Reframing Human-AI Collaboration for Generating Free-Text Explanations
This addresses the challenge of improving AI-generated explanations for human users, though it is incremental as it builds on existing few-shot methods and filtering techniques.
The paper tackled the problem of generating free-text explanations for classification decisions using large language models, finding that GPT-3-generated explanations are often preferred over crowdsourced ones, but still need improvement in aspects like novelty and label support, and developed a pipeline with a supervised filter to enhance acceptability.

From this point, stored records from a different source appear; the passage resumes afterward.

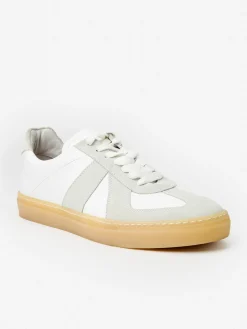 J.McLaughlin Cadet Trainers- Shoes & Accessories|Espadrilles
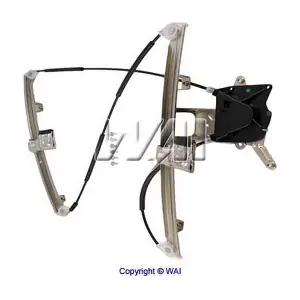 WPR2405R WAI
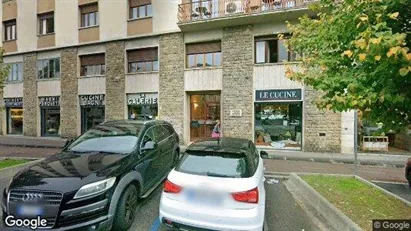 Apartments for rent in Florence - Photo from Google Street View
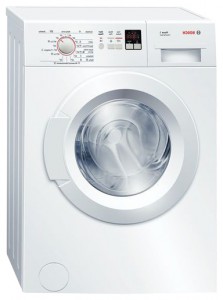 वॉशिंग मशीन Bosch WLX 24160 तस्वीर समीक्षा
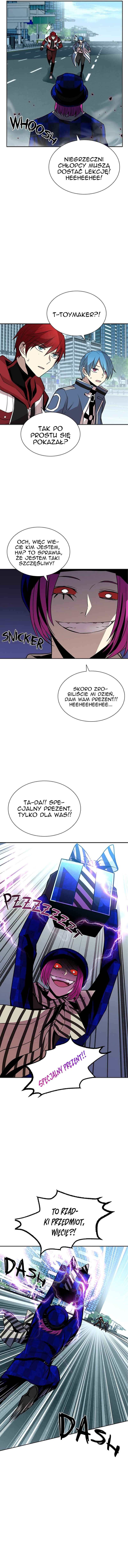 Villain to Kill Chapter 39 - Page 13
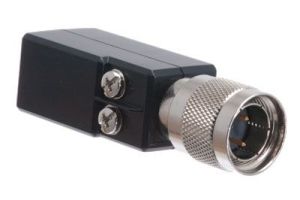 Twinax to RJ45 Extender Balun Active Pins 4&5
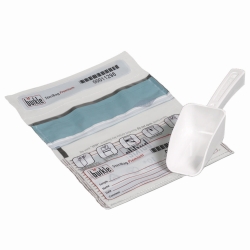 Probenahmeset SteriPlast&reg; Kit, mit Schaufeln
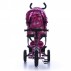 Детский велосипед трехколесный Lamborgini Azimut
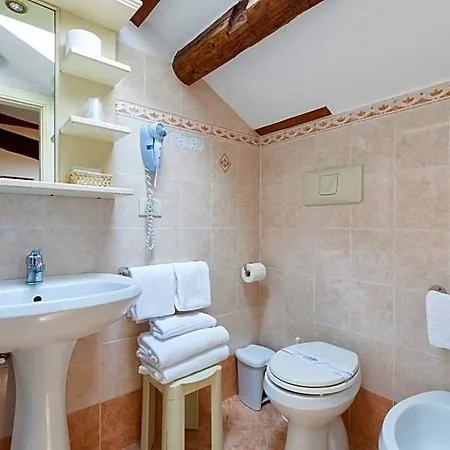 Casanova فندق مبيت وإفطار البندقية-ليدو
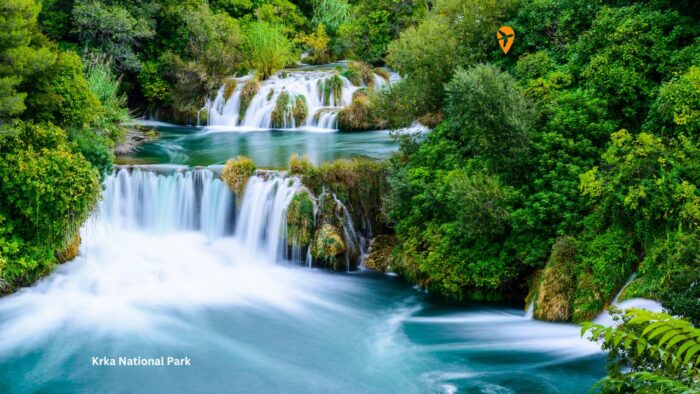 Krka National Park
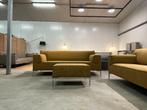 Nieuw Design on Stock Bloq 2.5-Zits Bank – NP: €8.000, Bankstel Bank Sofa Hoekbank Design bank, 75 tot 100 cm, Ophalen of Verzenden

Large language models are increasingly capable of generating fluent-appearing text with relatively little task-specific supervision. But can these models accurately explain classification decisions? We consider the task of generating free-text explanations using human-written examples in a few-shot manner. We find that (1) authoring higher quality prompts results in higher quality generations; and (2) surprisingly, in a head-to-head comparison, crowdworkers often prefer explanations generated by GPT-3 to crowdsourced explanations in existing datasets. Our human studies also show, however, that while models often produce factual, grammatical, and sufficient explanations, they have room to improve along axes such as providing novel information and supporting the label. We create a pipeline that combines GPT-3 with a supervised filter that incorporates binary acceptability judgments from humans in the loop. Despite the intrinsic subjectivity of acceptability judgments, we demonstrate that acceptability is partially correlated with various fine-grained attributes of explanations. Our approach is able to consistently filter GPT-3-generated explanations deemed acceptable by humans.